The concluding film, Fred Niblo’s 1921 “The Three Musketeers,” starring–of course–Douglas Fairbanks, as well as Adolphe Menjou, is the first of at least three films made from Alexander Dumas’ novel of comradeship and swordplay. The word “swashbuckling” originated in the 16th century, but it applies perfectly to this 17th-century adventure film, and to Fairbanks’ persona (in this and other silent films). The film runs 146 minutes and starts at 8:15, so prepare for a long evening.

All films are screened at San Francisco’s splendid Castro Theater (the opening night party is at McRoskey Mattress Company on Market Street, and has a separate admission).

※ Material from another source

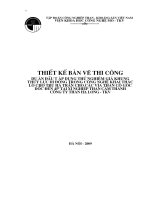 DỰ ÁN ĐẦU TƯ ÁP DỤNG THỬ NGHIỆM GIÁ KHUNG THUỶ LỰC DI ĐỘNG TRONG CÔNG NGHỆ KHAI THÁC LÒ CHỢ TRỤ HẠ TRẦN CHO CÁC VỈA THAN CÓ GÓC DỐC ĐẾN 450 TẠI XÍ NGHIỆP THAN CẨM THÀNH  CÔNG TY THAN HẠ LONG  TKV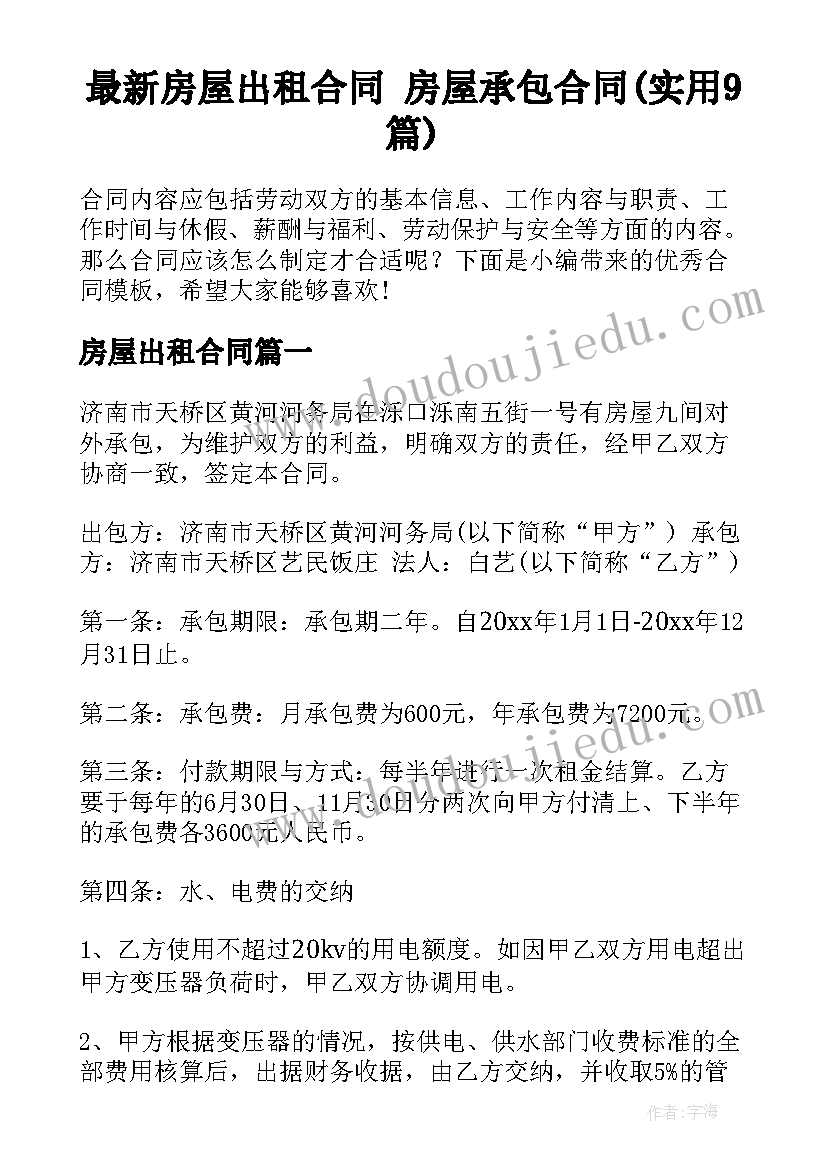 最新地区调研报告组成 山南地区调研报告(精选5篇)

Festival memberships are available from $50 and provide discounted ticket prices. Festival passes are also available for $260, or $230 for members. Single tickets cost $16 and up, with discounts for members. Children under ten come in free, and discounts for groups of ten or more are eligible for group rates (for advance puchase). The opening night party on June 1st is $25/$20.